Claim. $a+b+c\mid a^{2^n}+b^{2^n}+c^{2^n}$ for all $n\geq0$.

Proof. By induction: True for $n=0,1$ $\checkmark$. Suppose it's true for $0,\ldots,n$. Note that $$a^{2^{n+1}}+b^{2^{n+1}}+c^{2^{n+1}}=(a^{2^n}+b^{2^n}+c^{2^n})^2-2(a^{2^{n-1}}b^{2^{n-1}}+b^{2^{n-1}}c^{2^{n-1}}+c^{2^{n-1}}a^{2^{n-1}})^2+4a^{2^{n-1}}b^{2^{n-1}}c^{2^{n-1}}(a^{2^{n-1}}+b^{2^{n-1}}+c^{2^{n-1}})$$

and that

$$2(a^{2^{n-1}}b^{2^{n-1}}+b^{2^{n-1}}c^{2^{n-1}}+c^{2^{n-1}}a^{2^{n-1}})=(a^{2^{n-1}}+b^{2^{n-1}}+c^{2^{n-1}})^2-(a^{2^n}+b^{2^n}+c^{2^n})$$

is divisible by $a+b+c$ by the induction hypothesis.

It seems that there's a partial solution.

Suppose that $\mathrm{gcd}(a,a+b+c)=\mathrm{gcd}(b,a+b+c)=\mathrm{gcd}(c,a+b+c)=1$. Then for $n=k\cdot \phi(a+b+c)+1 \, (k=1,2, \ldots )$, where $\phi$ is Euler's function, we have: $$ (a^n+b^n+c^n)-(a^2+b^2+c^2)=a^2 (a^{n-1}-1) + b^2 (b^{n-1}-1) + c^2 (c^{n-1}-1), $$ where all round brackets are divisible by $a+b+c$ according to Euler theorem. Therefore $(a+b+c) \mid (a^n+b^n+c^n)$ for all these $n$.
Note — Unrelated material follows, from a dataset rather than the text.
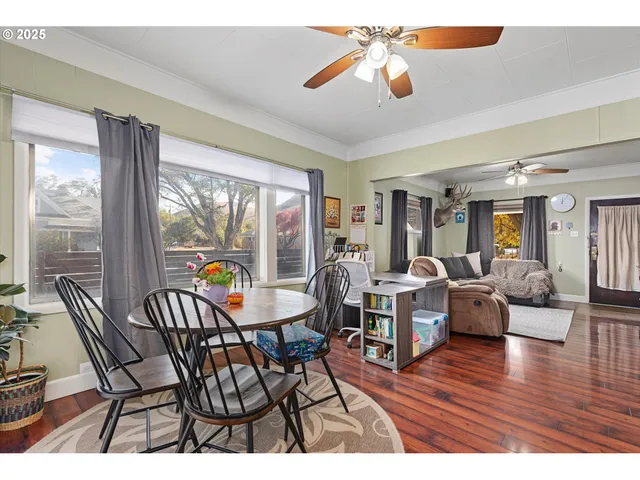 a dining room with furniture a chandelier and wooden floor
There's one more solution (it isn't mine). One can even prove that $(a + b + c) \mid (a^n + b^n + c^n)$ for all $n=3k+1$ and $n=3k+2$. It's enough to prove that $a + b + c \mid a^n + b^n + c^n$ => $a + b + c \mid a^{n+3} + b^{n+3} + c^{n+3}$. The proof is here: https://vk.com/doc104505692_416031961?hash=3acf5149ebfb5338b5&dl=47a3df498ea4bf930e (unfortunately, it's in Russian but it's enough to look at the formulae). One point which may need commenting: $(ab+bc+ca)(a^{n-2} + b^{n-2} + c^{n-2})$ is always divisible by $(a+b+c)$ (it's necessary to consider 2 cases: $(a+b+c)$ is odd and $(a+b+c)$ is even).